Work to be completed> Look in the material below for the line with "en Chubut. Desde" and the line with "Pawie szmaragdowe z genem białego szmaragda", then set down exactly those two lines and all lines between, nothing more.

Exercise data>
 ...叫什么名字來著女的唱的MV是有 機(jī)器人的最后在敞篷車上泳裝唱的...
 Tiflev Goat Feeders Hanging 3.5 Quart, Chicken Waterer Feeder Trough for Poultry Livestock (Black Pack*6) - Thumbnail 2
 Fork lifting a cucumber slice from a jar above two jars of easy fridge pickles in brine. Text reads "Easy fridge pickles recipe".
* * *
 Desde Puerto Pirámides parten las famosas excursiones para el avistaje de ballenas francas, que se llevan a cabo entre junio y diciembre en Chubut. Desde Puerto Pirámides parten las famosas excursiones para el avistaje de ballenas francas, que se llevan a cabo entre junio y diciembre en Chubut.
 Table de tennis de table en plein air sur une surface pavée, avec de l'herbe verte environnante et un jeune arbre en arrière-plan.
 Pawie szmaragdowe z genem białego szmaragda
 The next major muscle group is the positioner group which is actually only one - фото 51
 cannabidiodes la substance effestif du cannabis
--
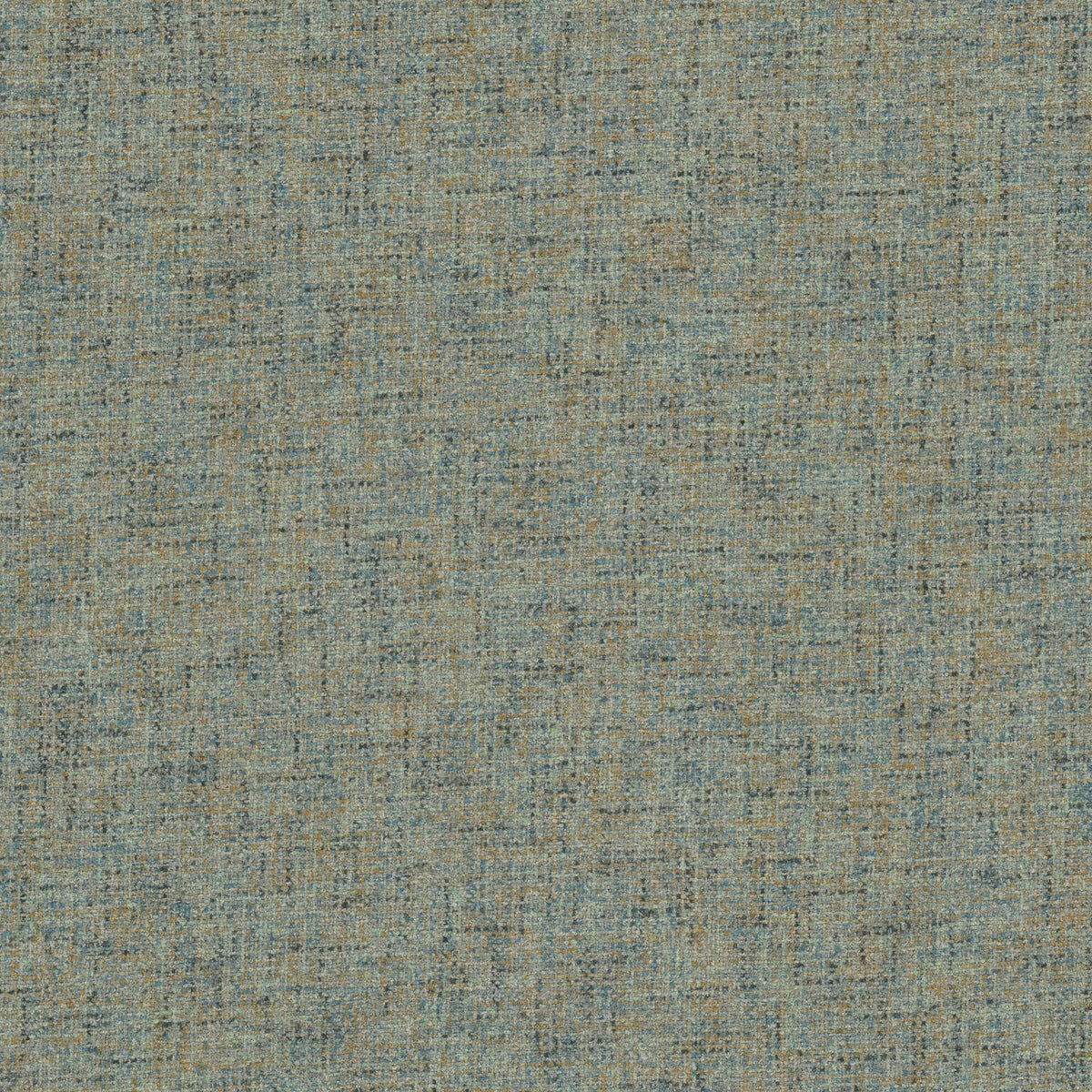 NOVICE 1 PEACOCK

Solution for this exercise>
 Desde Puerto Pirámides parten las famosas excursiones para el avistaje de ballenas francas, que se llevan a cabo entre junio y diciembre en Chubut. Desde Puerto Pirámides parten las famosas excursiones para el avistaje de ballenas francas, que se llevan a cabo entre junio y diciembre en Chubut.
 Table de tennis de table en plein air sur une surface pavée, avec de l'herbe verte environnante et un jeune arbre en arrière-plan.
 Pawie szmaragdowe z genem białego szmaragda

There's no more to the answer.